Monday, July 31, 2017

HealthLandscape Releases 5th Geospatial Brief

Today, HealthLandscape is releasing our fifth Geospatial Brief, “Where are Areas in Greatest Need of New HealthCenters? A Spatial Empirical Bayes Approach.” [MT1] Brief #5 uses 2015 data from the UDS Mapper (www.udsmapper.org) to explore areas with high rates and numbers of low-income population that are not being served by the Health Center Program. Specifically, we use a spatial empirical Bayes approach to create smoothed rates for low-income penetration and weighted estimates for the number of low-income population not being served by a health center. This blog discusses the importance of identifying priority areas of need and provides more details about our approach.

Prioritizing areas in highest need of safety-net health services and allocating resources in the most efficient way possible will be increasingly important in the current political context. The American Health Care Act (AHCA) and the Better Care Reconciliation Act (BRCA) drastically reduce funding for Medicaid, while the president’s proposed budget slashes funding for the Food and Drug Administration (FDA), the Centers for Disease Control (CDC), and National Institutes of Health (NIH).

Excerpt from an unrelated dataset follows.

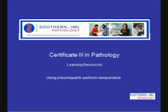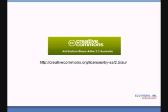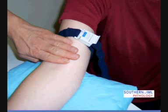Using a tourniquet to perform venipuncture. A tourniquet is used to enable a collector to visualise veins. Measure approximately three to four fingers above the client's cubital fossa, wrap the tourniquet around the arm above the chosen site, and clip the apparatus into place.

Despite the growing opioid epidemic, even the Substance Abuse and Mental Health Services Administration (SAMHSA) budget is the target of proposed cuts (Jost, 2017). While the funding for the federally-funded Health Center Program (HCP) appears to be steady, the funding cuts in these other areas have the potential to be particularly impactful on the HCP, which relies on the federal government and Medicaid as important revenue sources (Han et al., 2017).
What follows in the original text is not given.